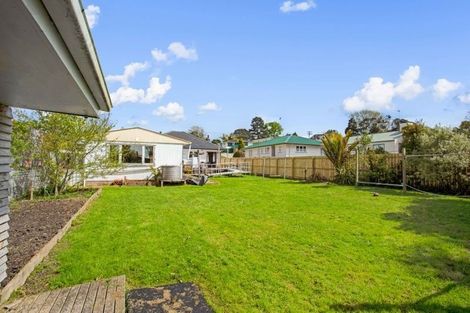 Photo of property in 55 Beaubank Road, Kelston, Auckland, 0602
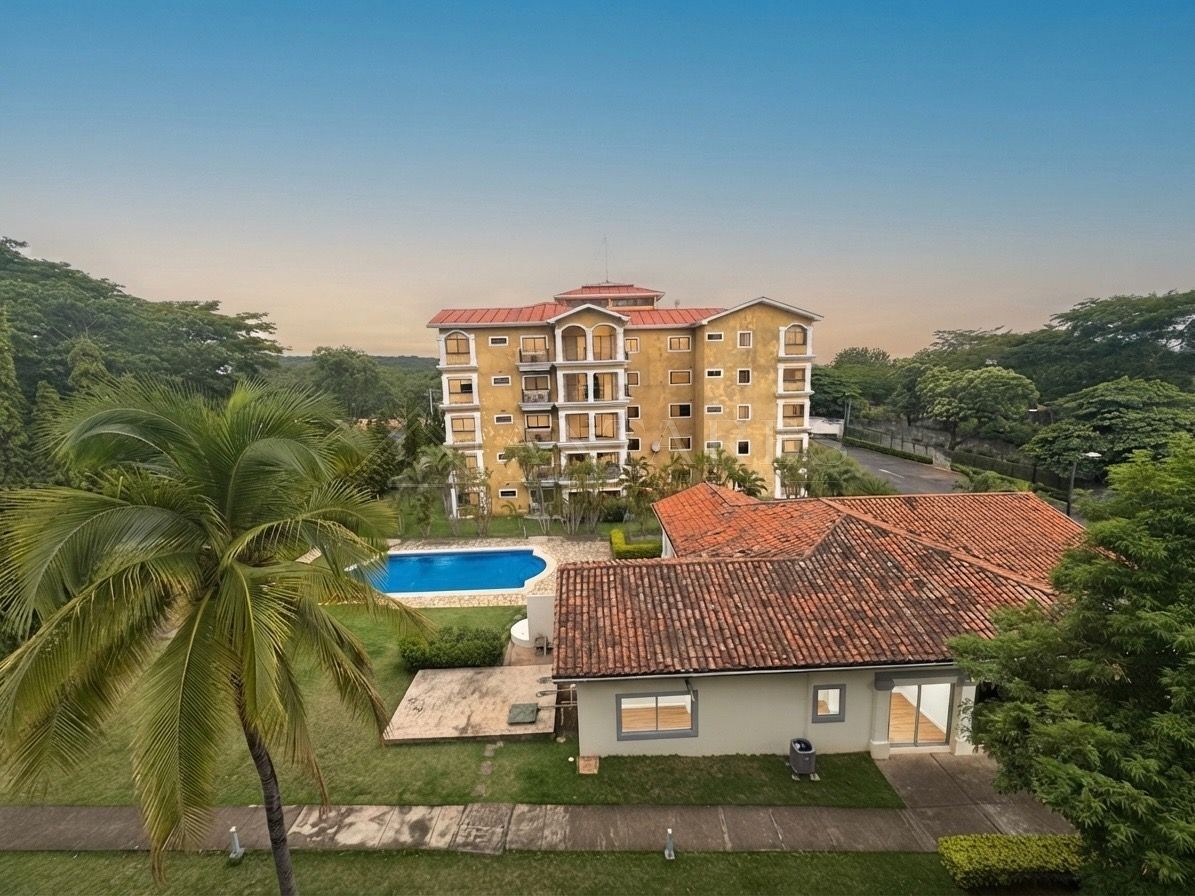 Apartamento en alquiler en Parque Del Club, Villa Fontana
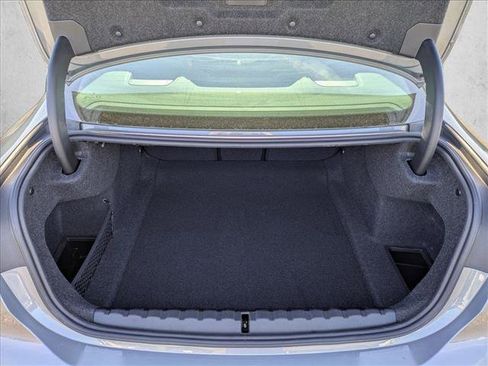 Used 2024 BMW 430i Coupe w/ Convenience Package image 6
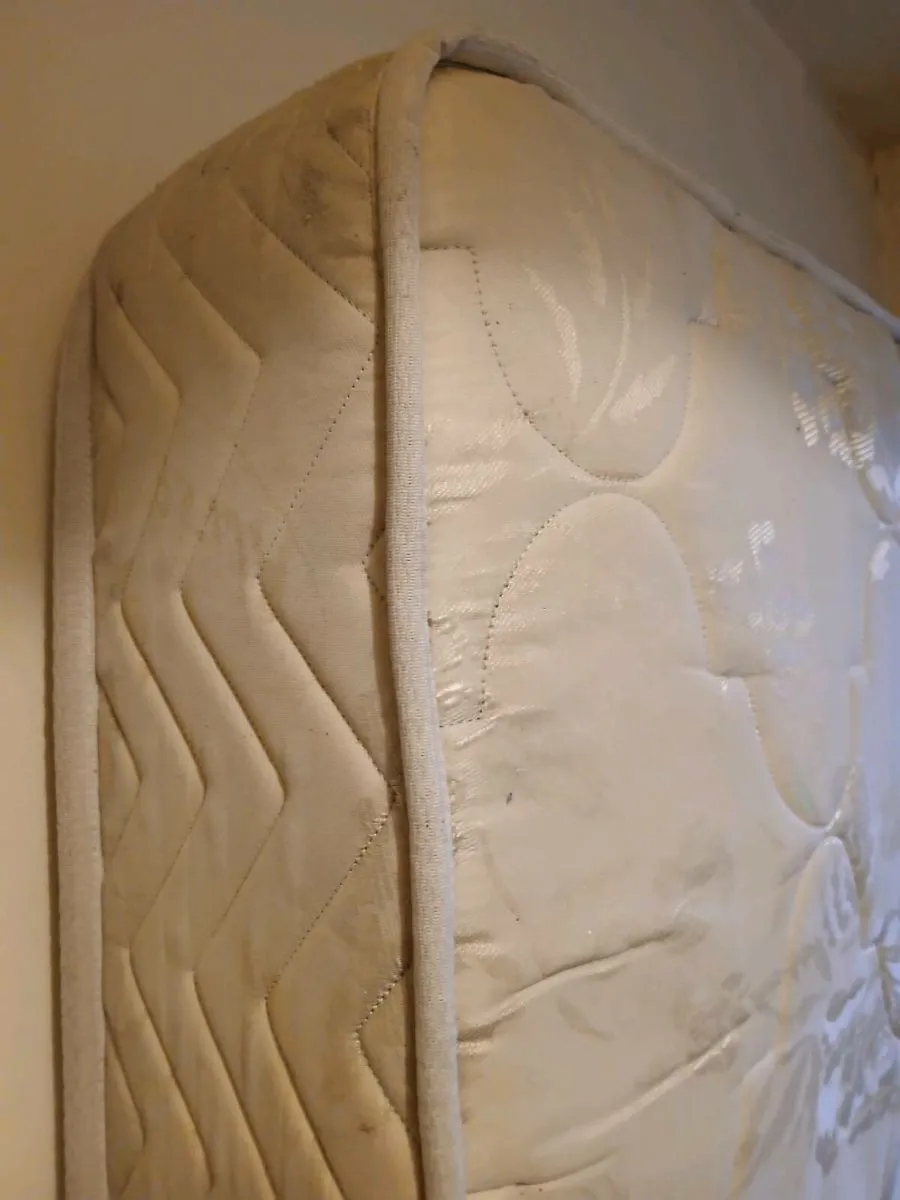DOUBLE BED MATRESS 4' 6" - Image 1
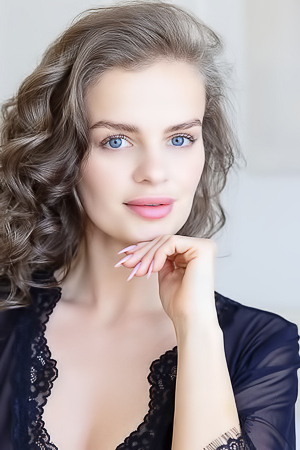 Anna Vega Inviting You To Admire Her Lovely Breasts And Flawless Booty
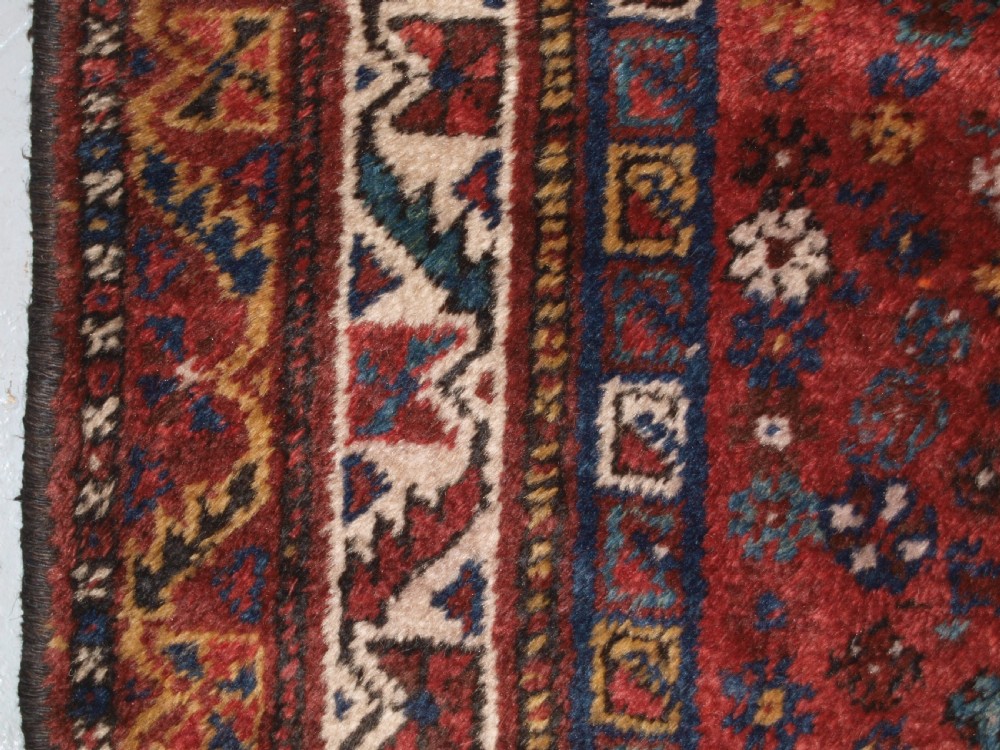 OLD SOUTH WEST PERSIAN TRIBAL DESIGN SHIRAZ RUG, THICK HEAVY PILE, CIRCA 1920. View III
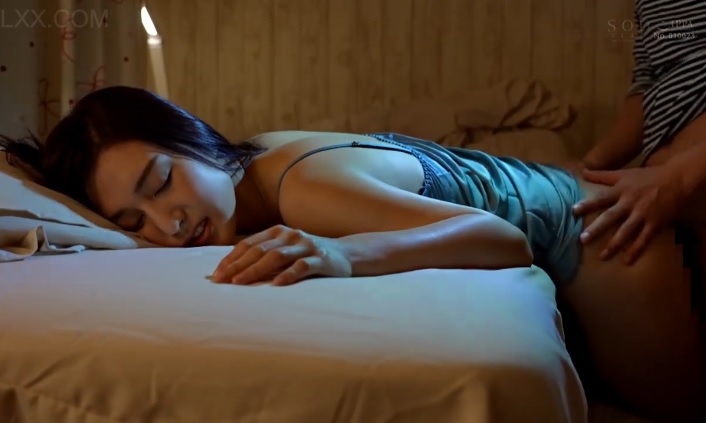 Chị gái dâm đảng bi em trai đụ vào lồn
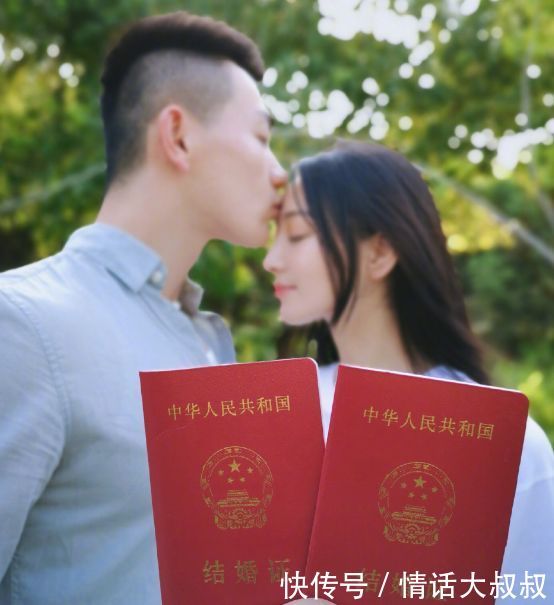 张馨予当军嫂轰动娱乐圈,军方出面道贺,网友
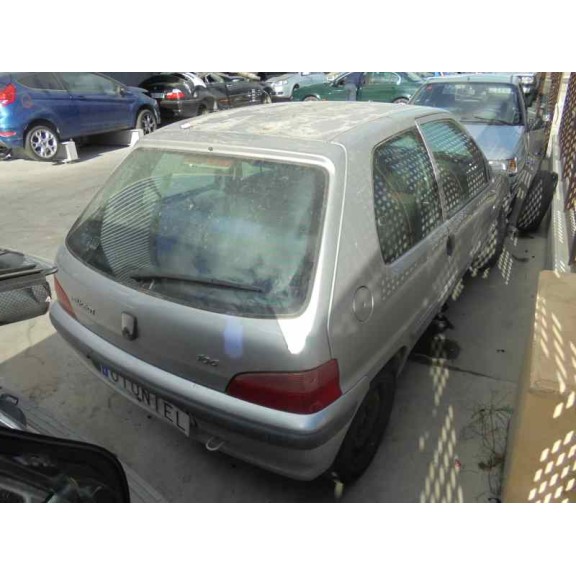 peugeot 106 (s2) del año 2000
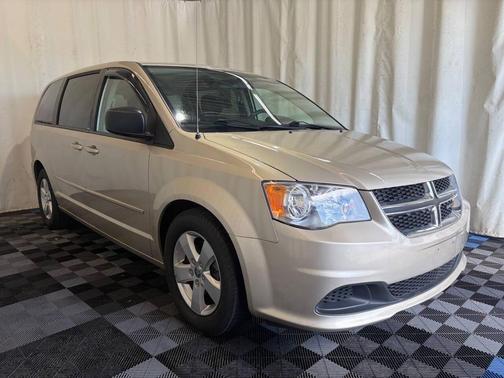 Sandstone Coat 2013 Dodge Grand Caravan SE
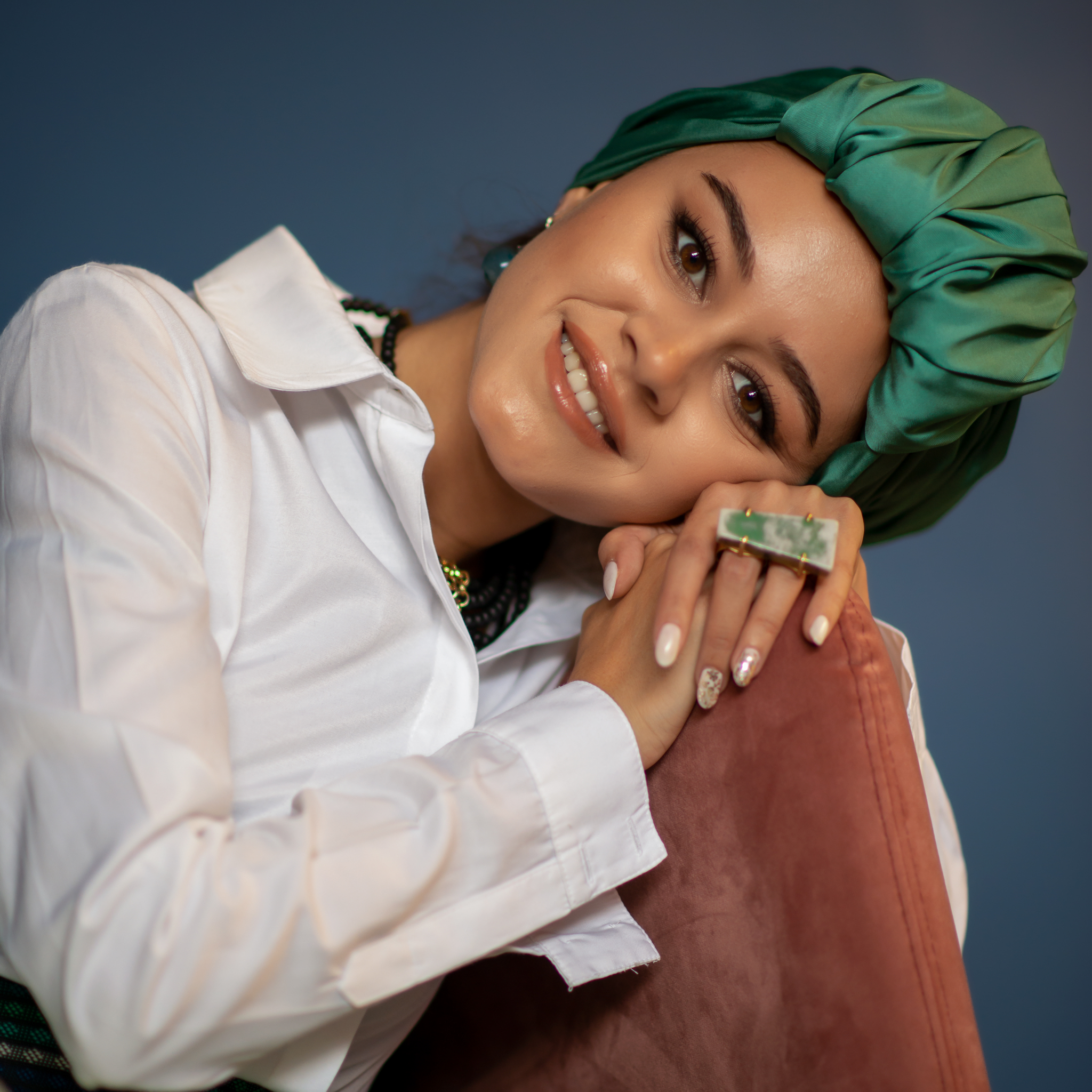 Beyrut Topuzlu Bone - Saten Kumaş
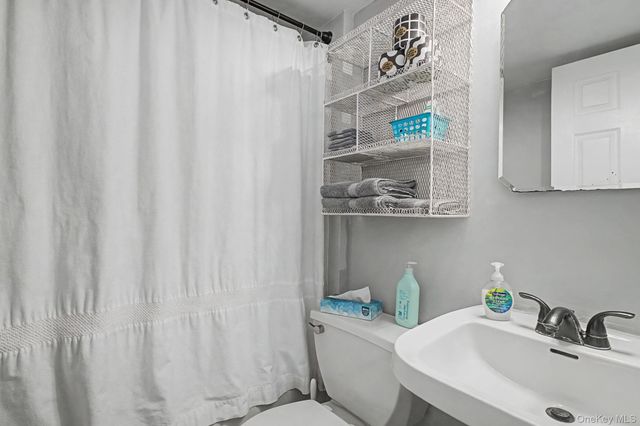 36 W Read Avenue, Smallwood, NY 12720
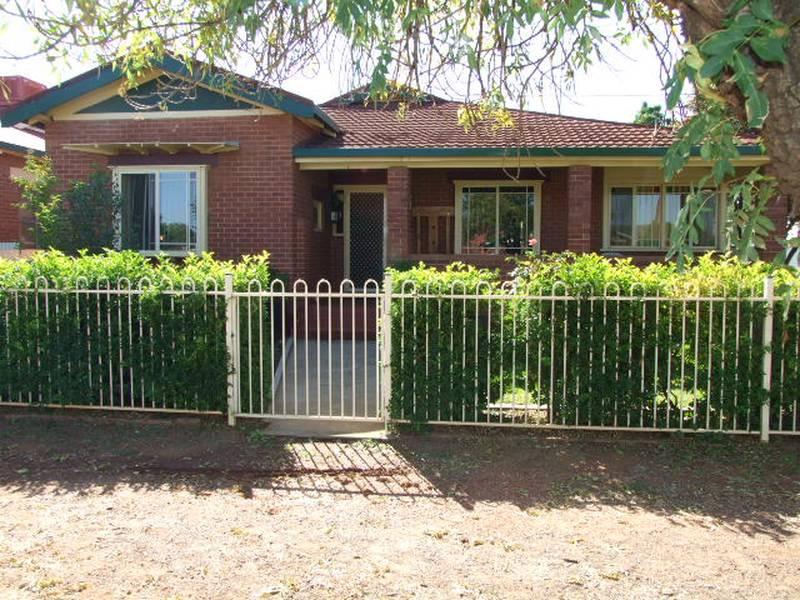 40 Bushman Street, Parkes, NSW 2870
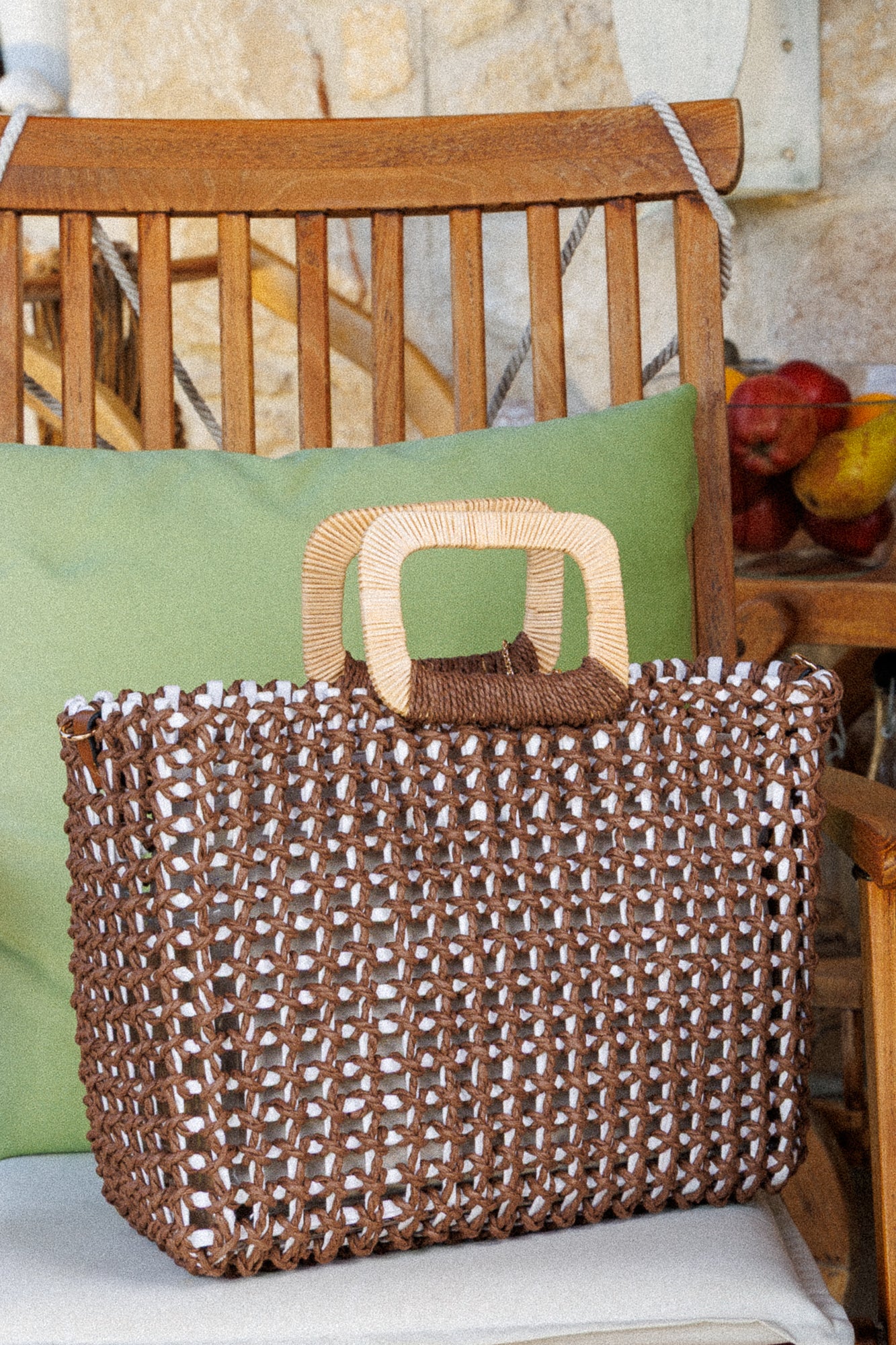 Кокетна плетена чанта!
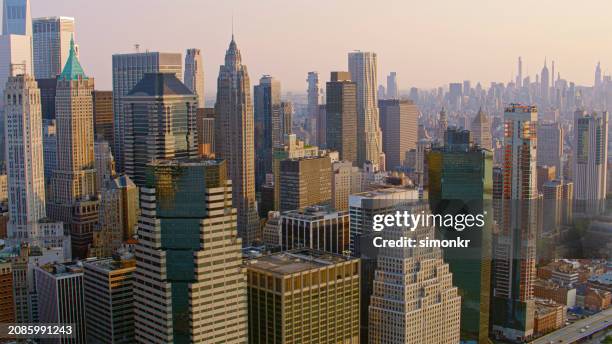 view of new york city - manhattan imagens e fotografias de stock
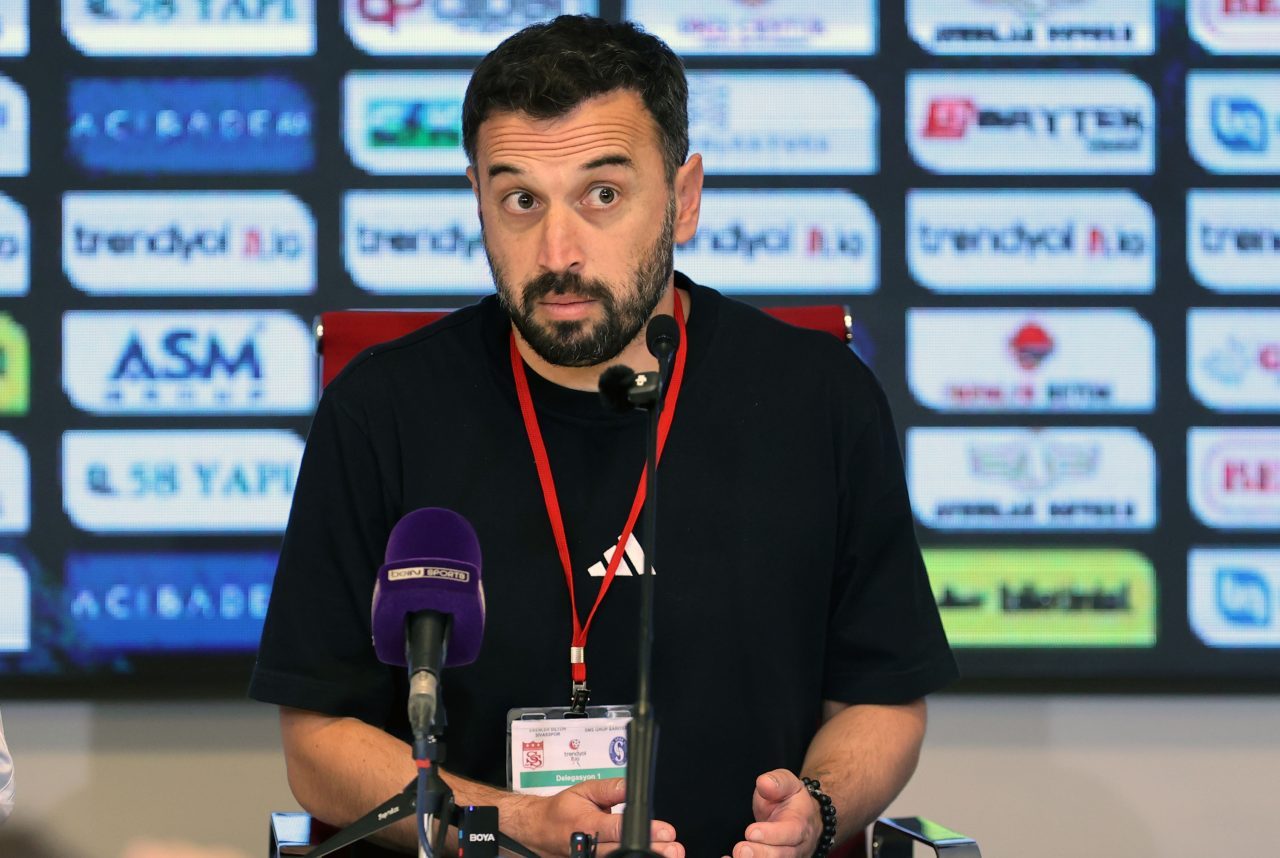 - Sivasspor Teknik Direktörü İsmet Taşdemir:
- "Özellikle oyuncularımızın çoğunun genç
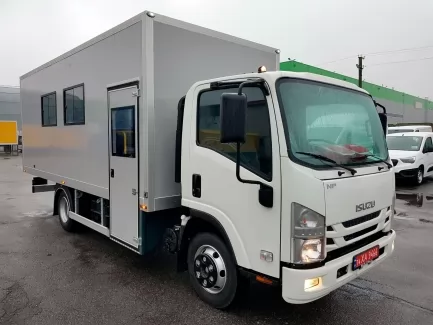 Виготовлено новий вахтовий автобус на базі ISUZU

.....

Take the material above from its first line through the line that has "Anna Vega Inviting" and copy it exactly, without any pictures.

 Photo of property in 55 Beaubank Road, Kelston, Auckland, 0602
 Apartamento en alquiler en Parque Del Club, Villa Fontana
 Used 2024 BMW 430i Coupe w/ Convenience Package image 6
DOUBLE BED MATRESS 4' 6" - Image 1
 Anna Vega Inviting You To Admire Her Lovely Breasts And Flawless Booty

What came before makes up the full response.